Anaika Soti’s performance was neat, except for some lip sync issue. But the director could have taken more pain in her characterization. Prudhvi Raj, as Santhanam’s father, has played his role very well and excellent at few places. His characterization is perfect and his timely dialogues and expressions are remarkable. Motta Rajendran and Tiger Thangadurai make us laugh at times.
Santhosh Narayanan’s composing is the main plus of the movie and some of the songs keep ringing in the ears, even after leaving the hall. But the background score is not as appealing as the songs.

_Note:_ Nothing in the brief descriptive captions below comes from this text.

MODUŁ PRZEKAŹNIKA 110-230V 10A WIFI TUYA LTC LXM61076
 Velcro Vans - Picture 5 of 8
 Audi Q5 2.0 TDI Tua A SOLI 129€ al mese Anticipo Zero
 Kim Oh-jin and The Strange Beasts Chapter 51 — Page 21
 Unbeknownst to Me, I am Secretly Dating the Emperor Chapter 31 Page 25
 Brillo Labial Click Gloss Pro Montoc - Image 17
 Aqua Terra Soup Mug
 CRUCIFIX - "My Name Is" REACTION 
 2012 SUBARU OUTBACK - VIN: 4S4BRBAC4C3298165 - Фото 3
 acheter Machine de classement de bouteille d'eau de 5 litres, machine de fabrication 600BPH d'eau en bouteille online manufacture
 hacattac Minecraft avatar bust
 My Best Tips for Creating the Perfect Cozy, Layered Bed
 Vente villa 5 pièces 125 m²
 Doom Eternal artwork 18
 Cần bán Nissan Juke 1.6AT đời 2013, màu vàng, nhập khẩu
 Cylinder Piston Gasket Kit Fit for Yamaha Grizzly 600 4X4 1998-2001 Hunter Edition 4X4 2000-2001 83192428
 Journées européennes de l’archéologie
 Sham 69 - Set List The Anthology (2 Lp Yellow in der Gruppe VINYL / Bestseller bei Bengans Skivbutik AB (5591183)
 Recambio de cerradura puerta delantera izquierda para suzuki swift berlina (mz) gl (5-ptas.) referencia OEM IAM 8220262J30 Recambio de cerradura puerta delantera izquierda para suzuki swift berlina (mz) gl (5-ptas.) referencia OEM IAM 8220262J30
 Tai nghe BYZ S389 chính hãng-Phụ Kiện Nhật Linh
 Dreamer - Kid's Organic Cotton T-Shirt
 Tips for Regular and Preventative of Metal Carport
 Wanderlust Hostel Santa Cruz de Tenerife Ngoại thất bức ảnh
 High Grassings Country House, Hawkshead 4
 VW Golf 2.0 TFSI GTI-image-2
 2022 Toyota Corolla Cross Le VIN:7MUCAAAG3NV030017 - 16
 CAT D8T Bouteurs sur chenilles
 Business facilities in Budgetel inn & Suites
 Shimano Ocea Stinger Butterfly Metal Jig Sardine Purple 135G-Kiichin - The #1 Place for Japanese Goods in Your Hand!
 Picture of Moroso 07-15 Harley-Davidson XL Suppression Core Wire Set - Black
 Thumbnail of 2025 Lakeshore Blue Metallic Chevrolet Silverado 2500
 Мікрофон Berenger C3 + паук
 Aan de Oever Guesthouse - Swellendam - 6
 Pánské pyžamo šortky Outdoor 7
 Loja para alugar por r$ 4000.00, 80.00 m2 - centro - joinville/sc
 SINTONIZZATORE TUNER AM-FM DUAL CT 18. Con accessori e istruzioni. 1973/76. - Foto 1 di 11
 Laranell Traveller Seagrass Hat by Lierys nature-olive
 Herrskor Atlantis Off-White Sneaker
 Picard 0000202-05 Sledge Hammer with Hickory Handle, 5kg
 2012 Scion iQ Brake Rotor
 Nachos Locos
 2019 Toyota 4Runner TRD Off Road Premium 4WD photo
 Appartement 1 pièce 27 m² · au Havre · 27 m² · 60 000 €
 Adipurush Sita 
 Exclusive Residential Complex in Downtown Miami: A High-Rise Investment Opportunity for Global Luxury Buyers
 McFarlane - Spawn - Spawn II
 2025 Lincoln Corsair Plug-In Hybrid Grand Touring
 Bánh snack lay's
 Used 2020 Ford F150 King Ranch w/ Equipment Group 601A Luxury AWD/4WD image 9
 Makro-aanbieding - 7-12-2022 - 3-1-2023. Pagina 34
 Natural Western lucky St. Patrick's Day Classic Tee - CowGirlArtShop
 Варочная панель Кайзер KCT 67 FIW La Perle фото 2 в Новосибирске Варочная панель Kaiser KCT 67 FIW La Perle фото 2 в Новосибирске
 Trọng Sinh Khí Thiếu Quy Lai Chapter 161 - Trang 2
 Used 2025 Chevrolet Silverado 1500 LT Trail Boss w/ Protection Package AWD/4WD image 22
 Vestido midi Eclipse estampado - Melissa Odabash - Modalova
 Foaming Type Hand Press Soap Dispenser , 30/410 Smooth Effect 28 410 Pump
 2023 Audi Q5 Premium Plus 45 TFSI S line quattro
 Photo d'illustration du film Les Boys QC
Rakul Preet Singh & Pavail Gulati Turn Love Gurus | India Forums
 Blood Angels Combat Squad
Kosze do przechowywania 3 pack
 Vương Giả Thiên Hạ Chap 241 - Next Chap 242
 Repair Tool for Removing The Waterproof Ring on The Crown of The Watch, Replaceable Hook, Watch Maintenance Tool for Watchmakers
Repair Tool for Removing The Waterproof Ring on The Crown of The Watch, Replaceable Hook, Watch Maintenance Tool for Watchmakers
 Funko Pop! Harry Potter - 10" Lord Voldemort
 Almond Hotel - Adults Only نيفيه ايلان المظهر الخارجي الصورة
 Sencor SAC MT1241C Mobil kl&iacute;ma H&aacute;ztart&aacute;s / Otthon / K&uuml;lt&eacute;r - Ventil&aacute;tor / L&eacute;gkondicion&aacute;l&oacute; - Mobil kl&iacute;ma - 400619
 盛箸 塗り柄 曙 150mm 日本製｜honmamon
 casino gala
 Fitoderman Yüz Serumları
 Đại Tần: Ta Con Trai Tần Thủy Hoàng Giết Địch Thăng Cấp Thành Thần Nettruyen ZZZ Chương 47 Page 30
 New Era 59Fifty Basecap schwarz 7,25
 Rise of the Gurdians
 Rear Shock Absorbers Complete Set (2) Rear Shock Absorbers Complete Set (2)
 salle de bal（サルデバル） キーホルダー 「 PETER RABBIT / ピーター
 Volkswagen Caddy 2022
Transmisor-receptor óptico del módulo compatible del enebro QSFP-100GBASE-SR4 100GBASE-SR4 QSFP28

The cinematography of Arthur A Wilson is neat and works well with the movie.
The director takes one half of the movie to reach the central conflict and the half seems dragging. But the second half picks up and is entertaining. When Santhanam excels in his style of humor Biographsworld with rhyming words, it is bewildering to see many characters repeat the same style.
Barring the flaws in the writing and the exaggerated performance of some supporting characters, the movie is engaging and entertaining. Definitely it is a treat to Santhanam fans.